I think most readers know I collect Vermont antiques. Years ago I used to see decks of playing cards with Vermont scenes. Today they are seldom seen. They date to 1910.
Printed on the front of the card box is “Vermont, ‘The Green Mountain State,’ Souvenir Playing Cards, 53 Views of Especial Natural and Historic Interest, Published by Chisolm Bros., Portland, Maine.”
Online I found a little information about the company
“Hugh J. Chisholm was originally a large distributor of printed news materials sold on railroads and steamships throughout the northeast. In 1876 he started a lithographic printing company with his brothers that produced many pictorial tourist guides.
“While their lithographic material was printed in Portland, they imported engraved material in from Germany. At the same time they became heavily invested in Maine’s wood pulp industry. By 1892 they had become an early pioneer in publishing view-cards of the Northeast. Many of their cards were made as heavily retouched photo-chromolithographs.”
This deck of cards is in its original box. Each card is a different Vermont scene. The nine of clubs shown with this article is Summit Cut in Mount Holly.
From History of Mount Holly, Vermont by Carroll R. Tarbell:
“The Green Mountain Turnpike was the way to the outside world until December 1849 when the Rutland and Burlington Railroad was completed at Summit. On the east side was a rock cut three-quarters of a mile in length and on the west side, a swamp where the bones of a mammoth were found (see Appendix, page 246.)
“The cut was drilled with hand tools, one man sitting and turning the drill and two men alternately striking it with sledges. Black powder was used as dynamite had not been invented. Derricks, probably operated by steam engines, were used. Some places the stone was placed in a semi-circle around where the derrick stood. There are stone piles which would indicate that short lines of tracks were laid away from the cut. Cars were probably drawn by horses and the rock dumped beside the track.”
“Elder Packer in his Journal records, ‘One man killed in 1848.’ Two men were killed on Section 8, and 5 on the Summit in 1849. If eight were killed, a lot more must have been injured, more or less seriously.
“I’ve been told there was a shanty town for the workers and their families which the townspeople called ‘Little Dublin.’ Beaman B. Bixby who lived in the Olney farm didn’t settle with the railroad until October 1852. In the end he accepted $500 for damages.
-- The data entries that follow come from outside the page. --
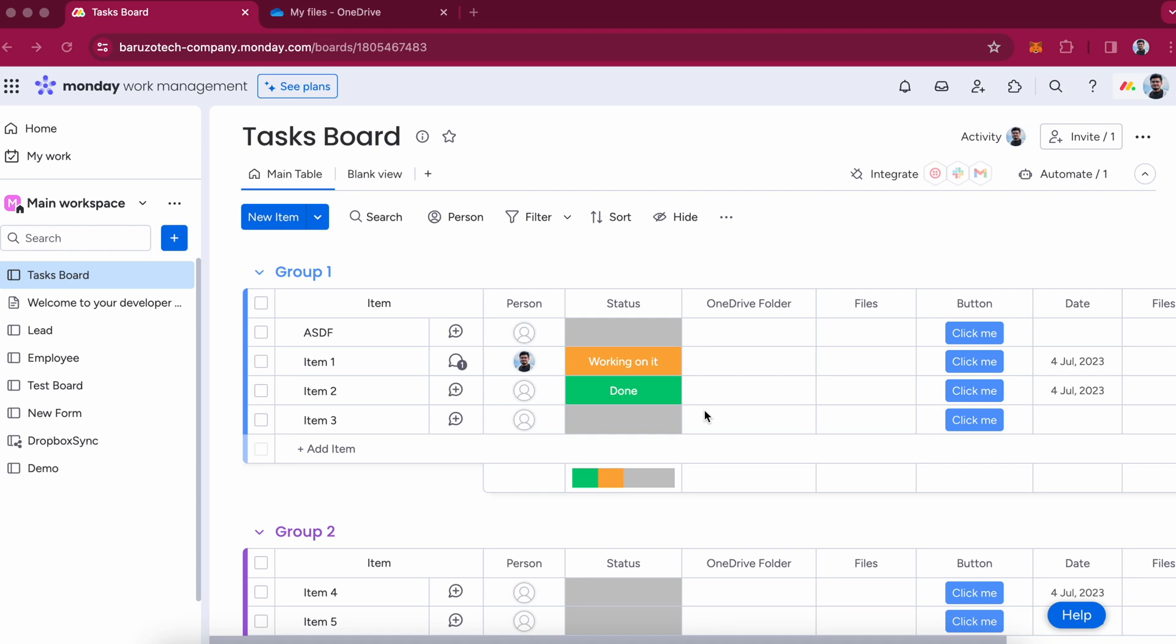Welcome to the OneDrive Sync tutorial for monday.com users. OneDrive Sync helps you to sync monday.com items and files with OneDrive.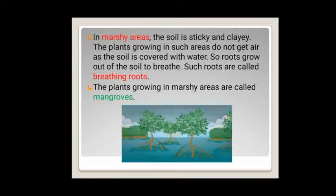In marshy areas, the soil is very sticky and clayey. The plants growing in such areas do not get air as the soil is covered with water. So roots grow out of the soil to breathe. Such roots are called breathing roots. The plants growing in marshy areas are called mangroves.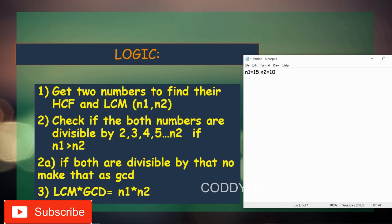We need to check if both numbers are divisible starting from 2 — we skip 1 because 1 divides all numbers. We check from 2, 3, 4, 5 up to the smaller of the two numbers. If n1 is greater than n2, the upper limit is n2; if n1 is less, the limit is n1. Since 15 is greater than 10, our limit is 10. We use a loop to check each number from 2 to 10.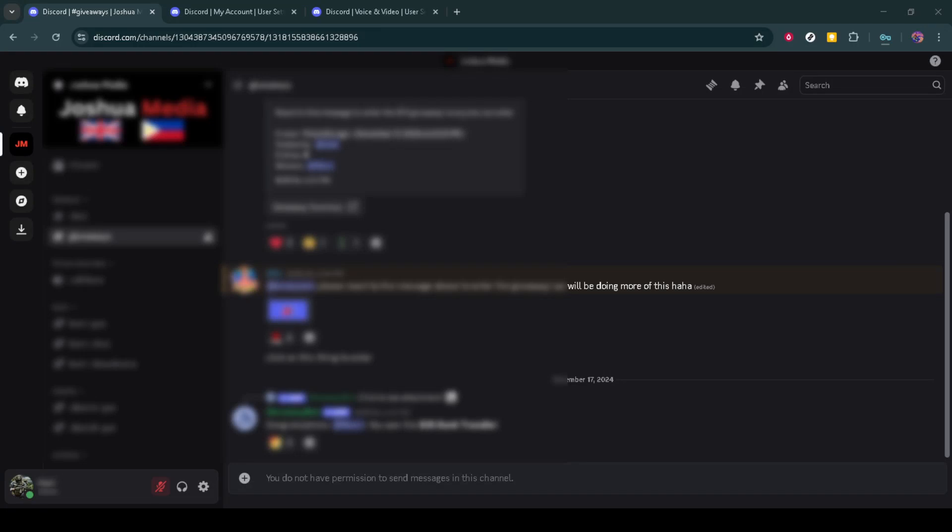In today's video, I'm going to teach you how to fix the Discord stream paused problem. This common issue can be frustrating, especially when you're trying to share your gaming adventures or host a watch party. But don't worry, I'll guide you step by step to get your streams running smoothly again.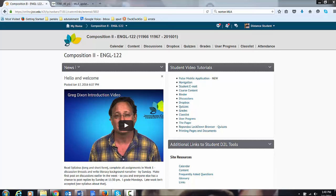Hello and welcome to Greg Dixon's Comp 2 D2L Orientation Part 1. This is your landing page. Note on the right hand side, this is updated last week. By the time you see this, it's going to be a little different. The news will change, but I'm going to leave the student video tutorials up indefinitely.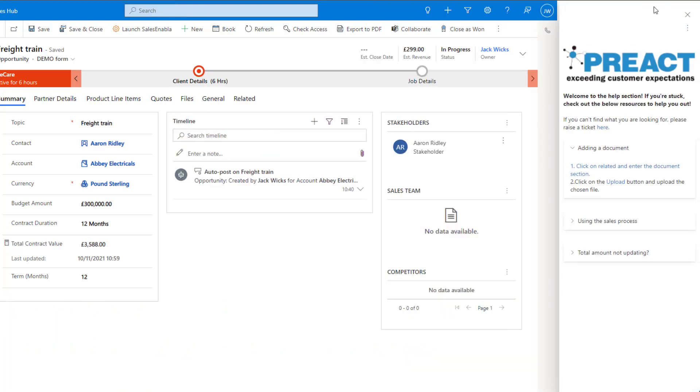System administrators can use custom help panes to add in information that users may need to make life easier for them. We can do many things with custom help panes such as add images, videos, links, sections and we can even guide users through what they're doing.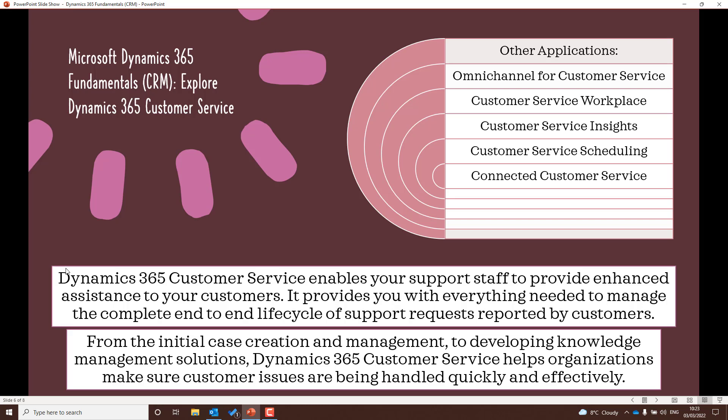Dynamics 365 Customer Service is all about enhanced assistance to your customers, providing everything they need to complete that end-to-end lifecycle. For the exam, look into Omnichannel for Customer Service, the Customer Service workspace, Customer Service Insights and what analytics are available, customer service scheduling, and connected customer service including IoT devices.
“Beginning on the north line of land owned by the heirs of Thomas H. Bixby, thence running northerly on the centerline of said Rail Road through the rock cut and including four rods wide on each side of said center line about one-hundred and twenty Eight rods to land of Samuel Hemenway, Jr. And I hereby discharge Rail Road Company from all Claims for damages Sustained by me during and since the Construction of said Road either to my land or water Crops fences, wood and timber and all claims for damages of Every description whatsoever to this date. And I also hereby Convey to said Company the privilege of maintaining and servicing the turn table at the station at Mount Holly Summit. (Vol. 13, page 18).”
In Tarbell’s History of Mount Holly is this photo of the Cut. It’s a postcard with a caption: “Summit Vt. Highway Bridge over Big Cut on line of Rutland R.R.”
Below the photo Tarbell notes, “The bridge was removed in 1919.”
Page 246 as mentioned in part:
“Elephas primogenius Blumenback. It is a remarkable fact, that in making the Rutland and Burlington Railroad, which extends from Burlington to Bellows Falls, two of the most interesting fossils ever found in New England were brought to light. These were the remains of an elephant and a whale. The former were found in Mount Holly, in 1848, the latter in Charlotte, in 1849…
“…In making this excavation, the workman found at the bottom of the bed, resting upon gravel which separated it from the rock below, a huge tooth…Soon afterwards one of the tusks was found…
“…The length of the tusk, measured along the curve on the outer surface, is eighty inches…”
The Mount Holly Historical Society has this tusk on display at their museum in Belmont. Check it out.
This week’s old saying, “I feel more like I do now than I did before.”